Sesaat setelah Silvi pindah, aku sering mengunjungi Kak Resma di kamarnya untuk memasak nasi goreng dengan sosis, ditaburi bawang goreng kiriman mama Kak Resma. Masakan kak Resma tak ada yang menandingi, seingatku. Aku dan Lia juga sering mendapatkan bonus untuk ikut makan jajanan Kak Resma, kiriman dari keluarganya di Sumatra. Tak hanya itu, Kak Resma juga mengajakku ke sebuah cafe mewah, entah namanya aku lupa. Yang aku ingat, aku ditraktir Kak Resma Red Velvet Cake yang rasanya menjadi salah satu highlight dalam masa perkuliahanku di Jogja. Kak Resma juga meminjamkan gaun dan meriasku untuk pelatihan Table Manner di Hotel Sheraton Mustika, Lia yang meminjamiku blazer dan mengantarku ke sana. Saat kami di Sheraton bulan Februari lalu, aku teringat kebaikan mereka.

Seringkali setiap malam teman-teman kost E6 juga mendatangiku di kamar, atau aku yang mendatangi mereka. Silvi dan Resti, juga Lia dan Mbak Tika, sering mendatangiku di kamar, aku selalu senang ketika mereka datang, karena aku tak merasa sendirian. Silvi sangat rajin belajar dan selalu membawa bukunya. Tak heran jika IPnya selalu sempurna : empat atau empat kurang sedikit. Seringkali ia ketiduran setelah menghafal pasal-pasal. Karena Silvi, aku termotivasi juga untuk belajar. Aku dan Resti pernah merasakan gempa ketika Merapi meletus. Aku tertidur di atas Kasur, Resti di lantai. Aku dan Resti melompat hingga keluar.

Dari Silvi aku mengenal Rina. Kami bertiga seringkali berjalan berkilo-kilometer saat awal pindah ke Jogja karena tak punya motor. Kami juga sering menaiki bus yang berhenti di Jakal Saat ingin ke Malioboro. Rina tinggal di kos belakang kos kami. Kami juga sering mengunjungi Rina di kosnya. Saat aku pindah dari kos ke kontrakan, aku masih sering mengunjungi Rina di kos barunya. Rina juga mengantarku hingga ke Bandara dan membantuku membereskan perabotan sebelum aku ke Jerman. Aku memeluknya erat-erat sebelum kami berpisah, berharap semoga pertemanan kami selalu terjaga.
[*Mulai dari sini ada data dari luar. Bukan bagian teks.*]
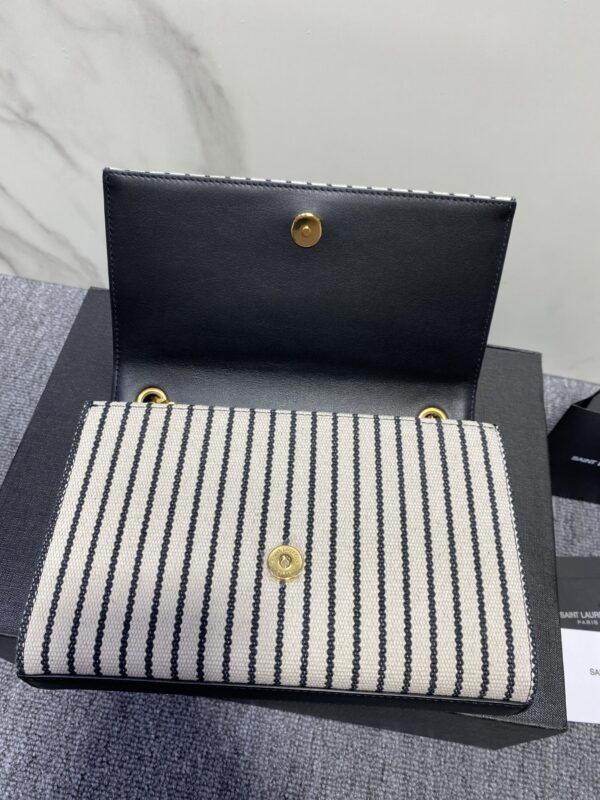 YSL Linen Stripe Cross-body Tassel Bag - Image 4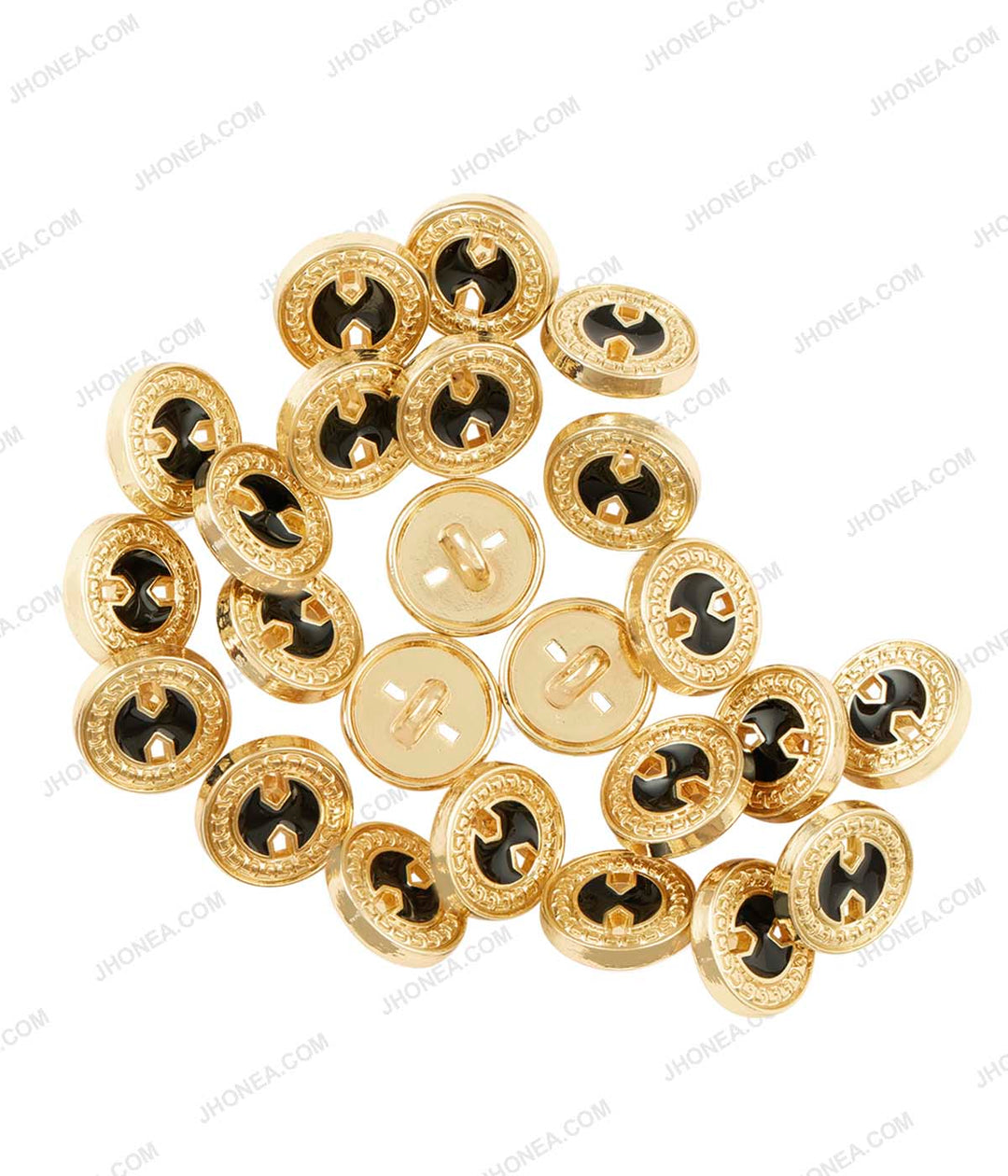 Shiny Bright Gold with Black Color Cutwork Enamel Royal Regal Buttons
Kami tak punya Gemeinschaftsraum, ruang dimana kita semua bisa berkumpul dan bersosialisasi. Jika ada tamu laki-laki, kami hanya bisa menerima mereka di luar: tak bisa menjamu atau memberikan minuman. Jika termasuk dalam keluarga, kami boleh membawa mereka hingga ke kamar. Om Safik dan Tante Loubna pernah mengunjungiku hingga ke kamar.

Dua kali aku pernah sakit saat tinggal di kos E6. Mbak Ayun, Resti dan seingatku Mbak Tika yang membawaku ke rumah sakit Panti Rapih. Untungnya, aku tak harus melakukan rawat inap. Yosi, teman kos E6 yang satu kelas bersamaku, dengannya aku tiap pagi berangkat kuliah jalan kaki yang kemudian pindah ke kontrakan, dan Ema serta Nadiah yang menyempatkan mengunjungiku, bahkan sebelum kami ujian immunologi.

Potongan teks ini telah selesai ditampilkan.